We then head towards the park, past the Fina World Championships that are going on all around the park, and towards the castle. We get distracted near the castle where a music festival is taking place and enjoy a short Bach recital by an excellent organist, emulating the famous Cavaillé-Coll organ in the Paris Opera House. Afterwards we explore other areas of the park, particularly the entrance of the enormous baths, with it’s various zones - mud, hot, cold, carbon acid (no idea) and more traditional pools, although we didn’t go in - the full ticket was €99 each and anyway, no cozzies! Further on was the zoo but we didn’t venture in there either.

By then it was back to Hero’s Square having done the full circuit, and our excursion is to walk down Andrássy út, which reaches from Hero’s Square two miles right back to the Chain Bridge. It’s wide design with service roads and lined with trees epitomises the magnificence of 1870s building, once again reminding one of Paris, where many embassies can now be found (we spotted Norway, South Korea, Turkey, Finland and Bulgaria.) Nearer the river the district becomes more cafe orientated, especial in the area surrounding the beautiful Opera House, which sadly was closed for tours today Still we enjoyed a Caesar and Goulash in the opera cafe before moving on. We diverted across to view the Synagogue, second largest in the world apparently with seating for 3000, before heading back to relax a while and change for dinner.

Tonight's dinner is going to be Russian since we found good recommendations on various sites. The only down-side is the location - 3 miles away on the other side of the Castle area. Of course we don't do taxis or public transport preferring to walk everywhere but it's still 33 and humid, so we set off in plenty of time to do the leisurely stroll and manage to find Mojitos on the way!

Arany Kaviar is in another embassy area and we pass several before arriving - the open sided dining room looks out into the garden and the balmy evening is delightful.
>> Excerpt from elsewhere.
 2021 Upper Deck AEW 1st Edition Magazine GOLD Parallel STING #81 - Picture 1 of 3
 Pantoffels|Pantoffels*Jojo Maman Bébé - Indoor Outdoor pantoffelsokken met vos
Our Russian dinner is a great success although the first few courses were rather quick so I mentioned this, after that chef decided to punish us by providing extra-long pauses between the remaining courses, but we don't mind, the six occupants of the table in front of us provided excellent entertainment for the evening!
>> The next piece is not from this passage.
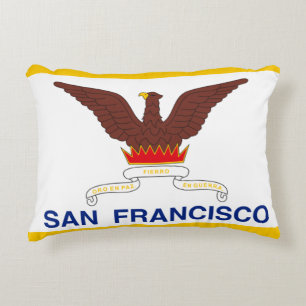 Flagga San Francisco, Kalifornien Prydnadskudde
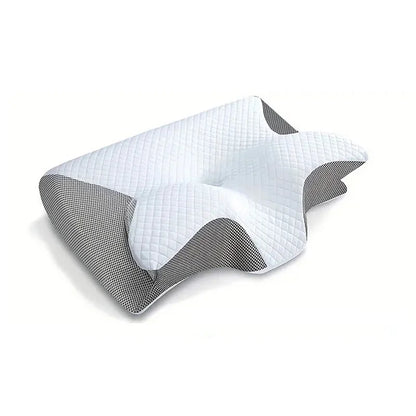 1pc Memory Foam Cervical Pillow, 2 in 1 Ergonomic Contour Orthopedic Pillow for Neck Pain, Contoured Support Pillows,Neck Pillow Beauty World Shop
As we walk back we reflect on the extremes here - more vagrancy than we've seen anywhere in years, poor citizens going about their daily life, magnificent buildings both run down and sumptuously renovated, thrift shops and designer streets side-by-side and kebab shops  galore nearby fine restaurants producing some amazingly good food. I would say it's got more than a passing parallel with Bangkok.